Apparently, many people do not want to be told the turning points or, at least, the ending of a novel or movie until they got hold of the book or watch the movie themselves. It’s a delayed gratification thing, I guess. So, it has become a rule of thumb among book and movie reviewers to not reveal whether the hero dies or survives in the end. In social networking sites for bibliophiles like Goodreads, you would find some book reviews with a notice in the beginning that goes: This review may contain spoilers.
So I think I am one of those few people who don’t mind some spoiling, because spoilers do not necessarily ruin the experience for me.
The thing that is given away by spoilers is the sequence of events, or the plot. But there is more to a story than its plot. Equally deserving appreciation are the characters and their interiors lives, the setting, the author’s voice or writing style, etc. For movies, there are the mise en scene, musical score, editing, etc. And of course, there’s the insight, which often varies from reader/moviegoer to another. All these work together to achieve that ephiphany that lights in you after the last page is turned, that born-again feeling you have that makes you remain in your seat while others are already making their way to the theater exits.
Take, for example, your favorite book or movie. You’ve read/watched or seen it a countless times, which means on the second time, you were already reading/viewing a “spoiled” book/movie. Yet, on the 1, 456th time, no love seems to have been lost.
It has become my habit to bring a book wherever I go, in the same way that Linus carries his comfort blanket around.

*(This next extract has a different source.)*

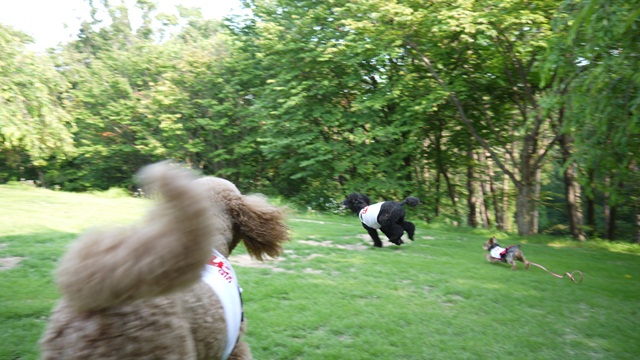 c0283778_16103264.jpg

Often, the book I grab in that hasty moment shortly before I step out of the house is Haruki Murakami’s Sputnik Sweetheart. It has kept me company while in a bus caught in heavy traffic or while in a queue in a government office that never seem to move. I can recite now some passages from it without looking. For some reasons, I never get tired of it.
I suppose no amount of spoiling can put a good book down.